- **Exercise**: Below are some records. Set down exactly the line holding "ZeniPLAST Hydrocolloid Wound" and every later line through the end, omitting the pictures.

- **Available records**:
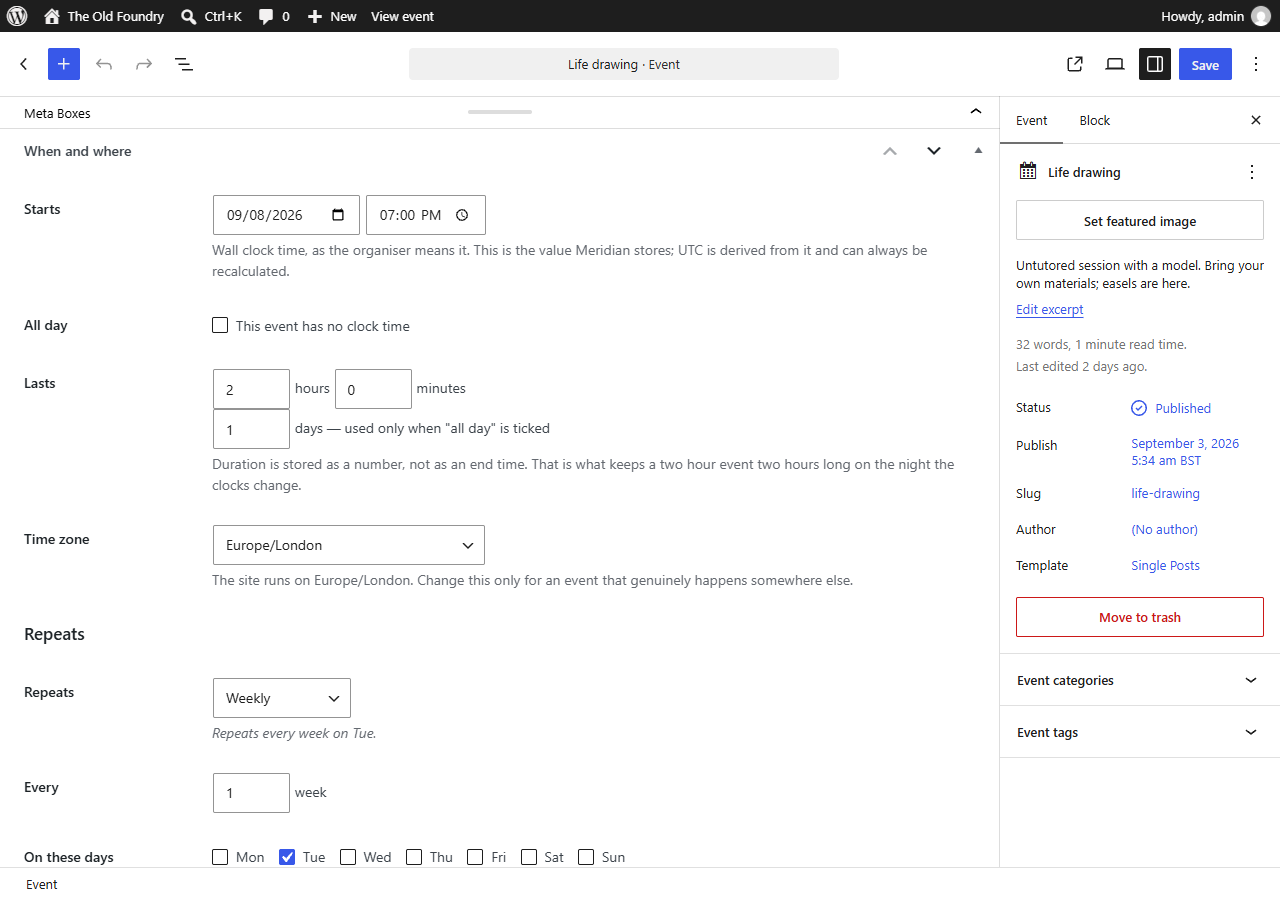 The event editing screen: date, start time, length, time zone and a repeat rule with a plain-English summary.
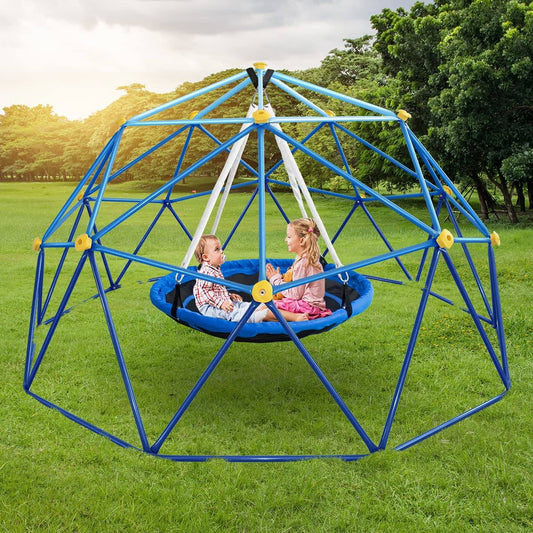 10ft Geometric Dome Climber Play Center With Rust & Uv Resistant, Supporting 1000lbs, Kids Jungle Gym Playground Indoor/Outdoor With Much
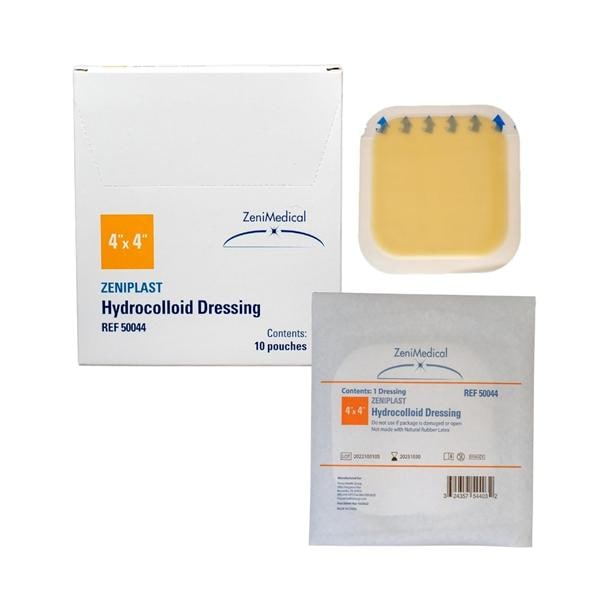 ZeniPLAST Hydrocolloid Wound Dressing 4x4" Sterile Square Adhesive Tan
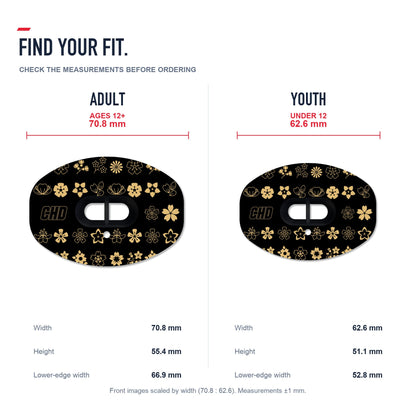 CHD Classic Monogram Design Football Mouthguard — size and fit guide
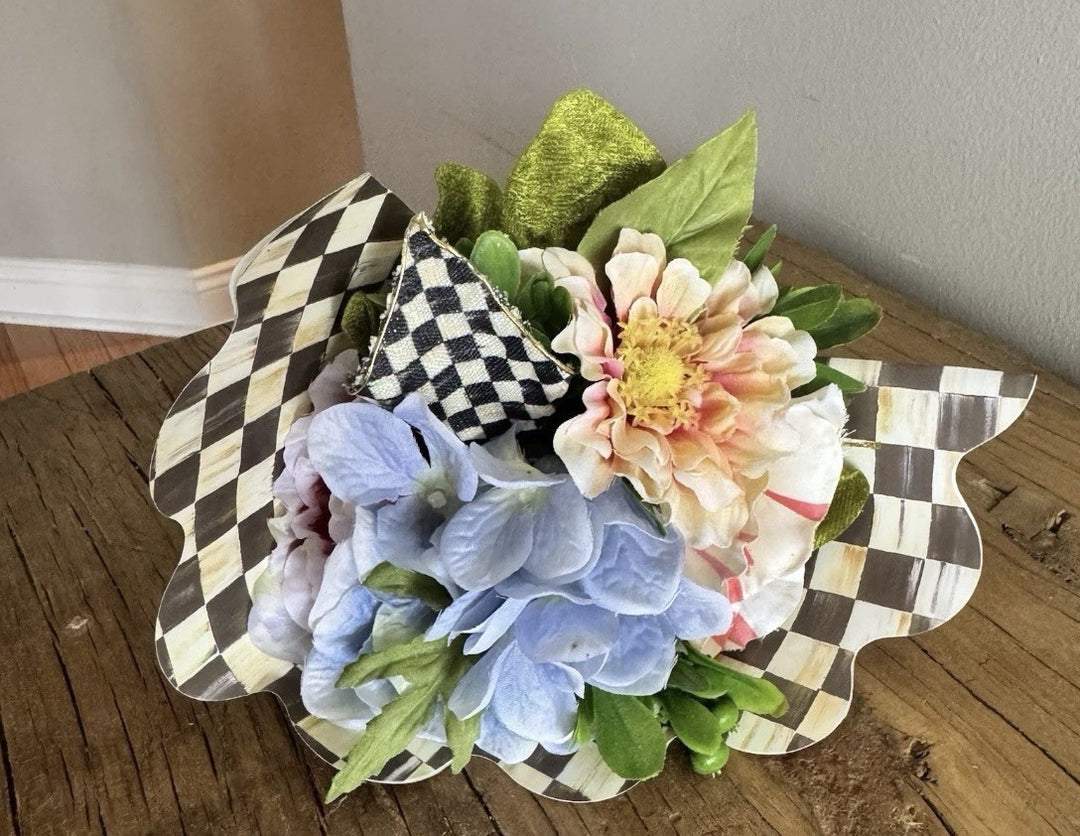 MacKenzie-Childs Silk Spring Nosegay Bouquet Courtly Check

- **Response to the task**:
 ZeniPLAST Hydrocolloid Wound Dressing 4x4" Sterile Square Adhesive Tan
 CHD Classic Monogram Design Football Mouthguard — size and fit guide
 MacKenzie-Childs Silk Spring Nosegay Bouquet Courtly Check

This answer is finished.